Uma mudez ensurdecedora ...

A Igreja Católica portuguesa, como é sobejamente conhecido, reclama-se campeã do sector social e solidário. A ser assim, isto significaria que todo o aparelho apostólico – sacerdotes e leigos – deveria logicamente dar um firme apoio às causas dos trabalhadores, dos pobres, dos humildes, dos explorados e daqueles a quem um sistema profundamente injusto nega o direito à integração social e ao trabalho. E, como igreja, obrigatório seria que condenasse qualquer Estado que pagasse com o dinheiro dos trabalhadores as fraudes dos banqueiros, salvando os bancos e arruinando a economia.

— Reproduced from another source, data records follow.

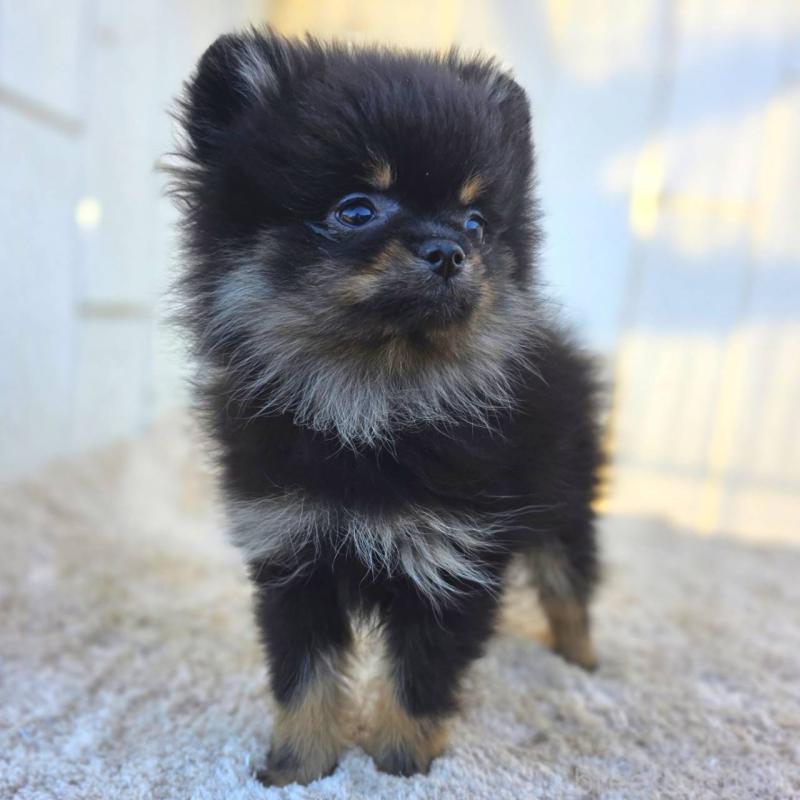 販売中の茨城県のポメラニアン-425546の3枚目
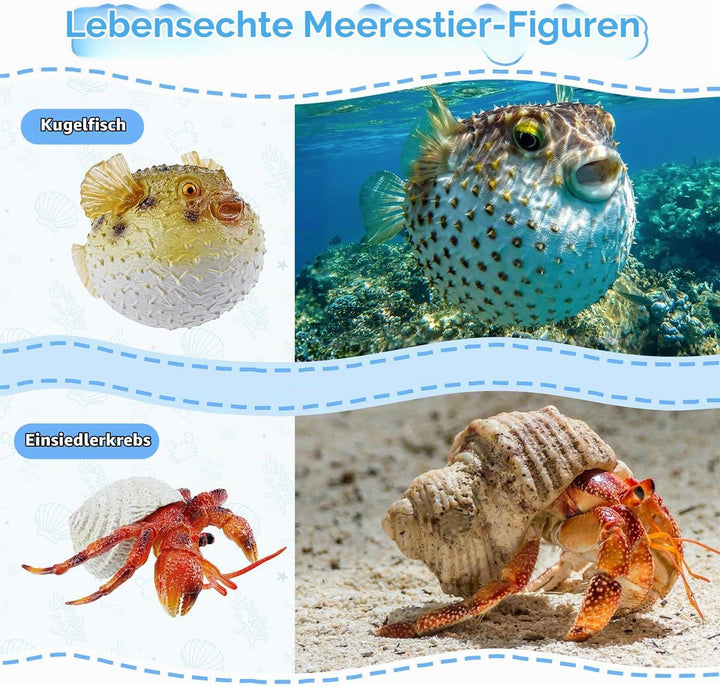 TOYMANY 16 Stück Meerestierfigurenset Ocean Spielfiguren Spielzeug 16Stück Meerestiere, 16Stück Meer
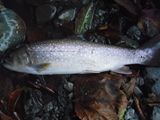 20101128イワナ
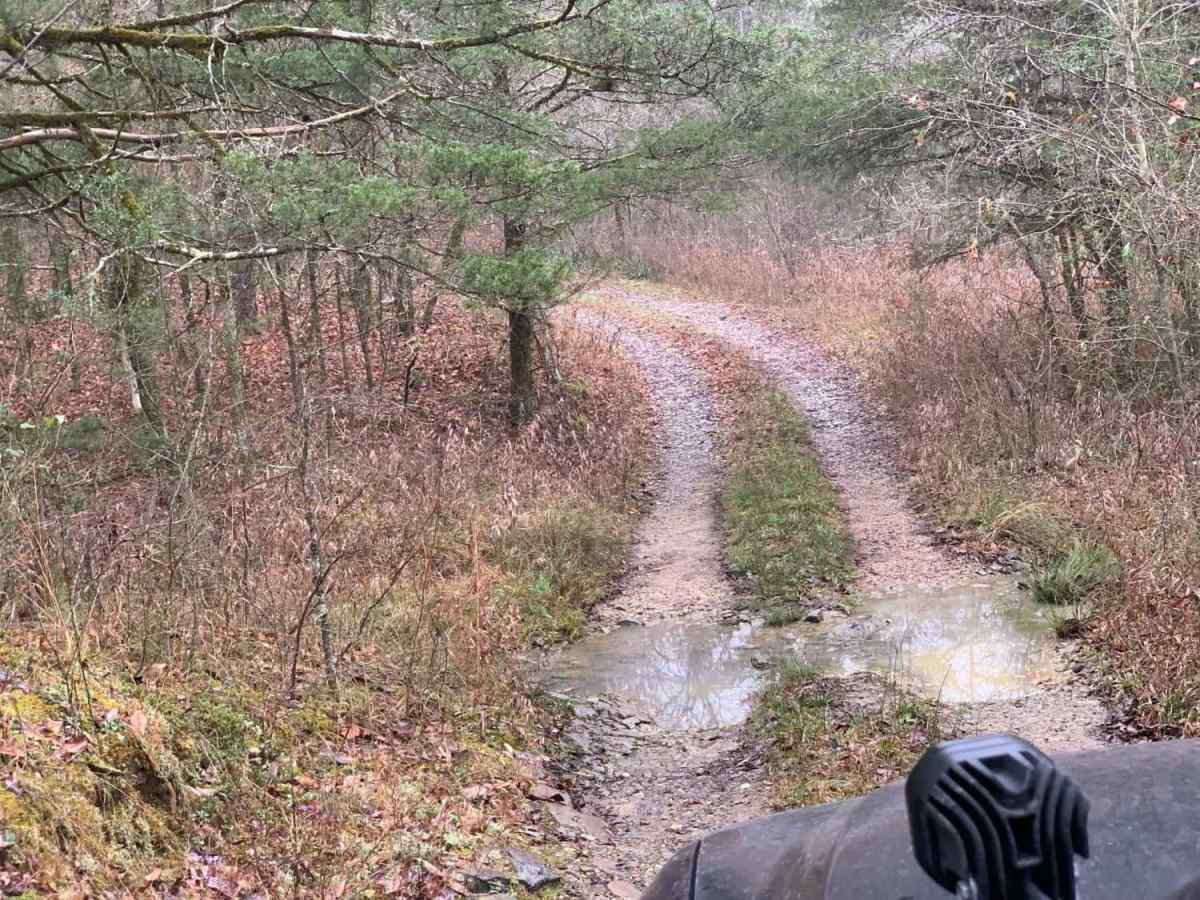 Hidden Camp Trail photo 4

A Igreja não só não procede assim - «anunciando e denunciando», como frequentemente prega nos púlpitos - mas é parte activa nos negócios que encapotadamente tanto dinheiro dão aos ricos. É por isso que nunca o Governo tem dinheiro para responder ao essencial mas todas as verbas aparecem, como por milagre, quando se trata de concluir meganegócios pouco transparentes ou de dar protecção aos bancos falidos, às manobras das «deslocalizações», ou à segurança dos paraísos fiscais. Por exemplo, estamos em plena e ameaçadora crise financeira mas já tudo se apronta para desenvolver um ambicioso projecto que parte da área das comunicações sociais e depois se espalha, como o cancro, por outros espaços da actividade económica, mesmo as mais imprevistas. É o caso da anunciada compra e venda da TVI.

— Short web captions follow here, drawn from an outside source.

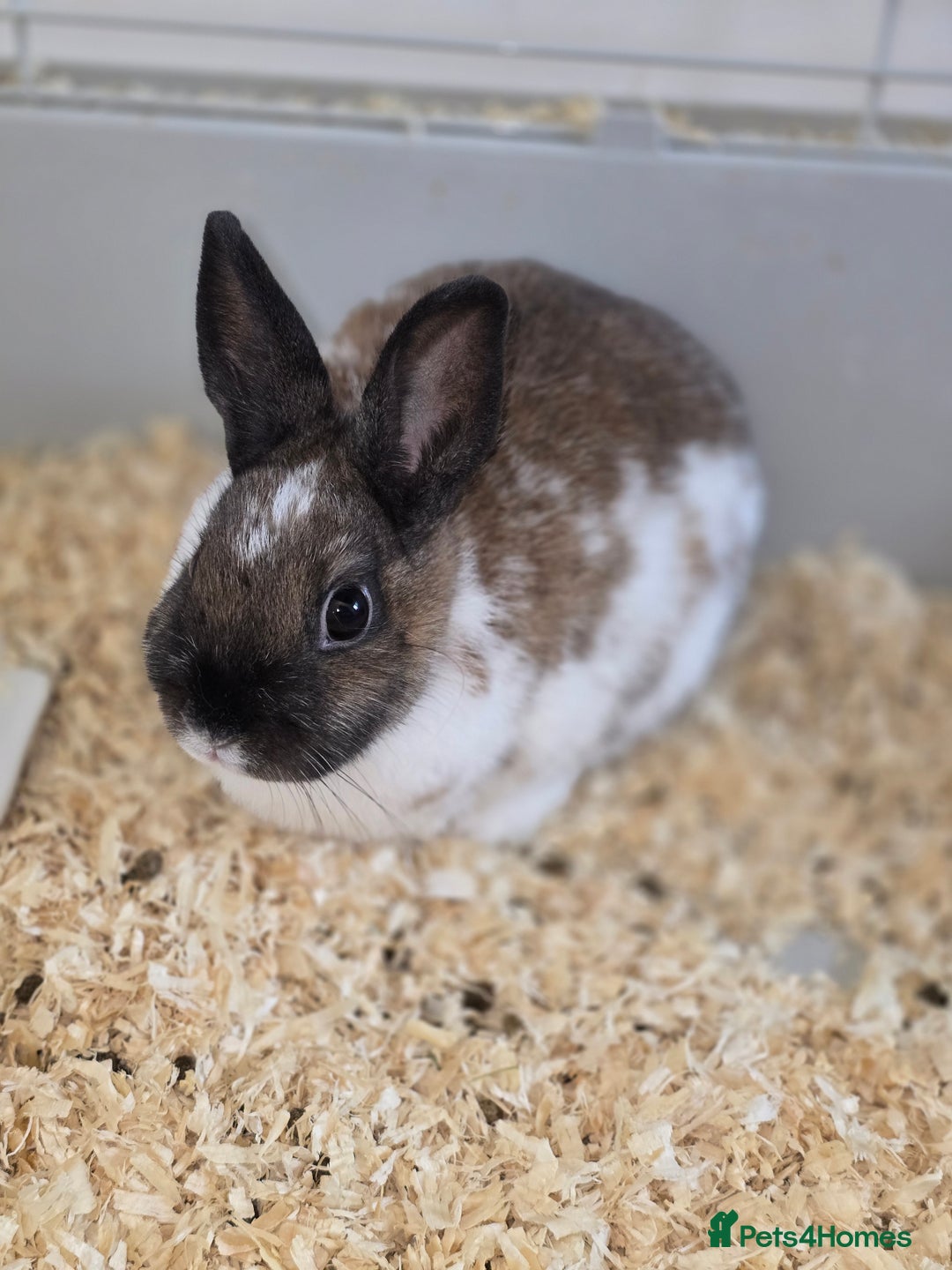 Netherland Dwarf rabbits for sale: 3 Netherland Dwarf Bunnies - Image 3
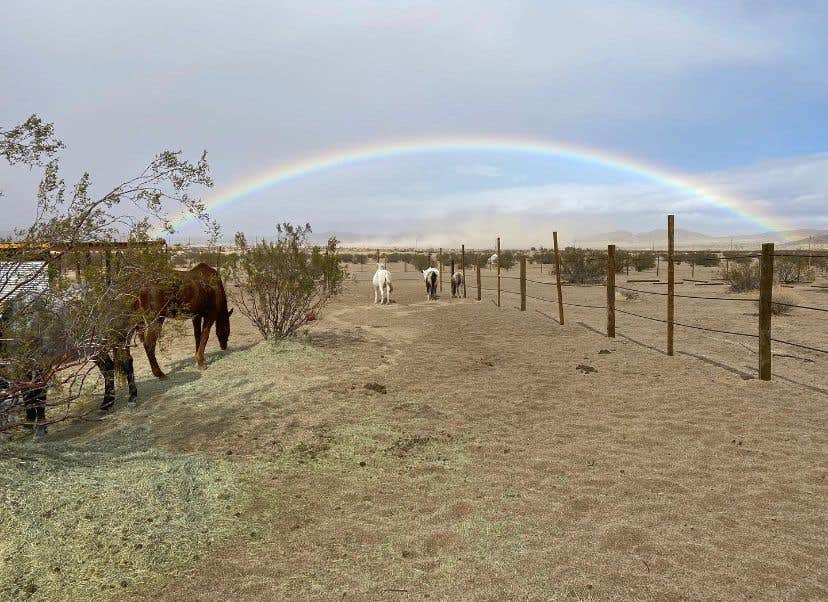 Camper-submitted photo at Cascade Trails Mustang Sanctuary near Yucca Valley, CA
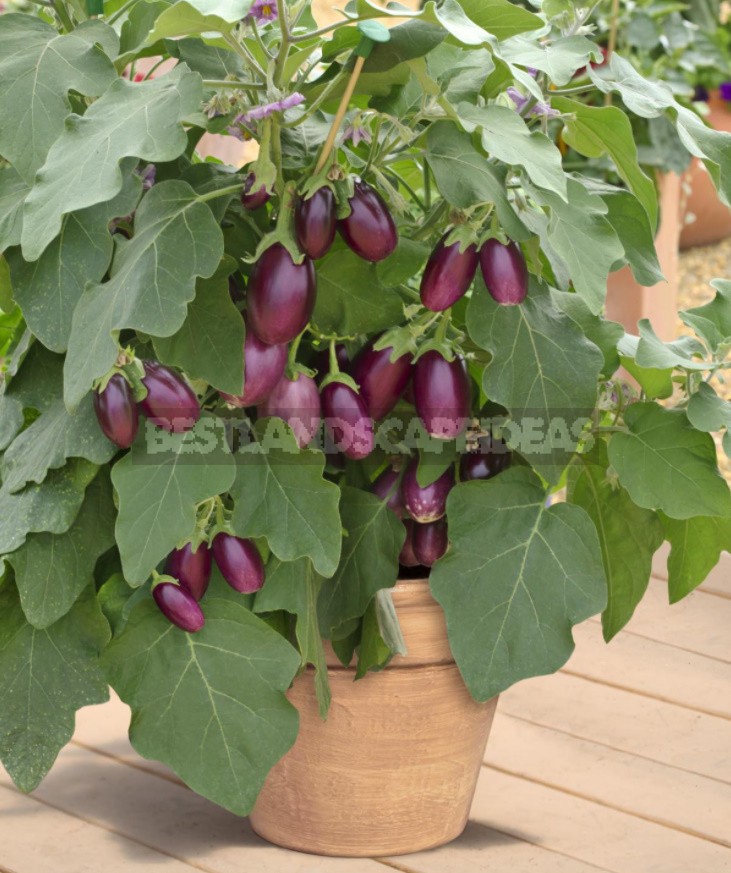 What Vegetables Can Be Grown On The Windowsill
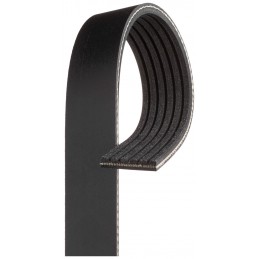COURROIE 6PK1020EST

Sucintamente: a partir da transacção da TV católica (venda feita à Prisa, também católica) o projecto do monopólio dos conteúdos (noticiários, publicidade, lazeres) procura alastrar a todas as redes de telecomunicação dos países lusófonos. Simultaneamente, os investimentos disponíveis (e que dizem inesgotáveis) aplicar-se-ão em áreas vitais da economia, como as do petróleo, do biogás ou das energias alternativas, da informática, do marketing, do desporto ou da moda. Trata-se de dominar o Mundo. É o imperialismo capitalista, em todo o seu esplendor, que surge dos confins da miséria de uma crise financeira mundial.

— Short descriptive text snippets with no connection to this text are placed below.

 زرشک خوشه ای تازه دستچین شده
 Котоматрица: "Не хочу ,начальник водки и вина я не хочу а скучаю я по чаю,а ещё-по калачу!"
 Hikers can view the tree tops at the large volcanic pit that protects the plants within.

Isto não significa, necessariamente, que seja a Igreja o único protagonista desta intriga à escala planetária. Mas que participa na teia da conspiração, lá isso é evidente... Tanto se lhe dá que o projecto, a ter êxito, acarrete a centralização do poder, a destruição de milhares de postos de trabalho e o aprofundamento do fosso entre pobres e ricos.
É altura de rompermos com tudo isto. É tempo de mudar e de vencer. É tempo de votar. Mas também é tempo de sabermos dizer «não» e de o gritarmos aos quatro ventos! Ruptura e mudança exigem o fim da mudez.